Monday, February 4, 2008

TEAM: California lawsuit, part 4

Original Post

California lawsuit, part 4

The plainitffs in the class action lawsuit alleged,

At a Diamond Meeting of the Company Internet Services in 1997 or 1998, a price
discussion ensued regarding the price of the Amway dog food. When asked
why the dog food was so expensive, an Amway representative stated that Amway
does not look at the marketplace to determine what a competitive retail price should be. Instead, the Amway representative stated that the products are priced at the IBO cost. Essentially, the Amway representative was suggesting that the IBO cost, considered the “wholesale” cost, is actually the retail price. Thus, IBOs attempting to resell the dog food would have to
sell it at cost, foregoing any profit, in order to be competitive.

In April of 2000, the IBOAI conducted a “Confidential Competitive Analysis” of the
Quixtar products. The IBOAI compared the Quixtar products with three
competitive market leaders in each type of product and a cost per unit of measurement was established to fairly compare the products. In almost every item, the Quixtar products were substantially overpriced in comparison to the three industry leaders. In response, Quixtar promised to “work on it.”

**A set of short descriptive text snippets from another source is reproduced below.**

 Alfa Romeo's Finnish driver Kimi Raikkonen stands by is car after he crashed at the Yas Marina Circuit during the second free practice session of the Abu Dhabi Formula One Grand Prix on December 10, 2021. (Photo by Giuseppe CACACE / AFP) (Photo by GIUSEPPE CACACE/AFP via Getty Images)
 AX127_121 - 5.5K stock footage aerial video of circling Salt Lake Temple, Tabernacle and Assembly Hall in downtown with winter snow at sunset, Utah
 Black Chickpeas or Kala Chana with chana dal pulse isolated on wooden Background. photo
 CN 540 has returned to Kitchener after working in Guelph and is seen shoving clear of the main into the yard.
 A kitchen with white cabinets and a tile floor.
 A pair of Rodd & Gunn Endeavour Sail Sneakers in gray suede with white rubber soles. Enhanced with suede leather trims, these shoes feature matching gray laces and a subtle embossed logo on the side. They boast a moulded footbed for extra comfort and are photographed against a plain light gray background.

“Amway does not look at the market place to determine what a competitive retail price should be. Instead, the Amway representatives stated that the Amway products were priced at the IBO cost.” To me, this clearly demonstrates that Amway had very little desire to market the products to outside customers; instead they relied on purchases and consumption from their IBO’s. This arrangement worked out well for Amway because there were numerous IBO leaders who got good at recruiting massive amounts of people into the Amway business. Because the tool companies emphasized the opportunity portion of the business, IBO’s were willing to purchase the products for personal use. Although the IBO leaders were good at bringing in massive amounts of people into Quixtar, I’m willing to bet that only a small percentage of the people in the Quixtar/Amway business actually purchased products. In this regard, I would agree 100% with IBOFightback. IBOFightback has argued on this blog, and others as well, that a large percentage of IBO’s never purchase a single product. Why do you suppose that was the case?